French schools reopen in mourning after beheading of teacher

French schools held a nationwide minute of silence Monday in tribute to a teacher who was beheaded for opening a class debate on free speech by showing students caricatures of the prophet of Islam.

Samuel Paty was killed on Oct. 16 outside his school in suburban Paris by an 18-year-old refugee of Chechen origin to punish him for showing the caricatures published by the satirical newspaper Charlie Hebdo, which triggered a newsroom massacre by extremists in January 2015.

Since their re-publication in September at the start of the ongoing Paris trial over the killings, France has endured three attacks blamed on Muslim extremists: one by a Pakistani refugee that injured two people outside the newspaper’s old headquarters, the slaying of the schoolteacher, and a deadly knife attack last Thursday in a church in the Mediterranean city of Nice. All three have prompted terrorism investigations, and France is now at its highest level of alert.
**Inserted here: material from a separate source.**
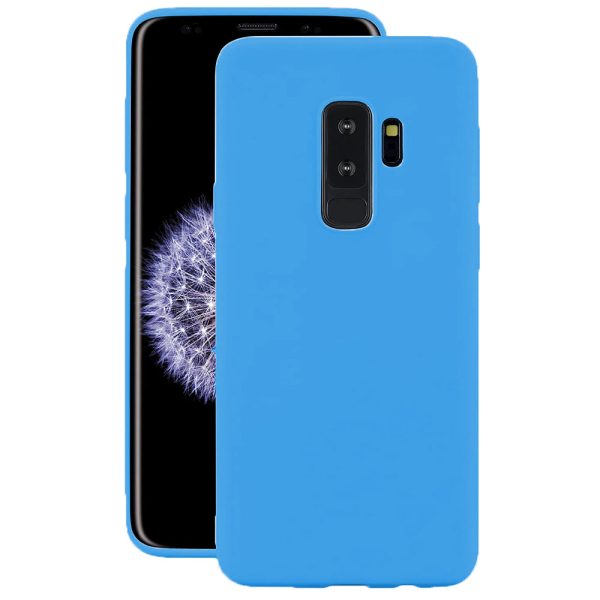 Husa protectie, interior de catifea, compatibila cu Samsung Galaxy S9 Plus, FONIX BloomShield, silicon, margini ridicate, slim, Albastru2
French President Emmanuel Macron promised to increase protection of schools and churches immediately after the Nice attack, more than doubling the number of soldiers actively deployed in the country. Paty was killed at the beginning of a two-week French school holiday.

On Monday, the school where he taught at Conflans-Saint-Honorine reopened for teachers only. France’s prime minister minister, Jean Castex, arrived to lend support. Other schools throughout the country resumed as usual to both students and teachers.

At schools throughout the country, students will read the letter of Jean Jaurès, a 19th century French thinker and politician, to instructors urging them to teach the country’s children to “know France, its geography and its history, its body and its soul.”

Macron has defended the decision to publish the caricatures, which he says falls squarely into two of France’s most cherished rights: freedom of expression and secularism. The cartoons were originally published in Denmark in 2005 and elsewhere later in countries where freedom of expression is considered inviolable. Many Muslims see them as sacrilegious.

“We have the right to believe that these caricatures are in bad taste. There are plenty of people I believe are in bad taste. There are plenty of people who I think say idiotic things,” Gerald Darmanin, France’s interior minister, told BFM television. “But I’ll defend to the death your right to say them, as Voltaire said.”

In Germany and the Netherlands, many schools were also paying tribute to Paty.

“We can send a sign of solidarity with those teachers who are committed to democratic coexistence,” state Education Minister Sandra Sheeres wrote in a message to Berlin schools asking them to participate.

Scheeres also asked those participating to explain the background to their students to make them aware of “tolerance and solidarity as well as against violence and extremism.”

The Dutch education ministers asked schools, colleges and universities to find ways to express their support.

“The Netherlands stands squarely behind teachers and the constitutional freedom of expression,” ministers Arie Slob and Ingrid van Engelshoven wrote. “Teachers must be able to do their work in freedom and security so our children and youth can develop into independent citizens who can live together in a country that is characterized by freedom, equality and solidarity.”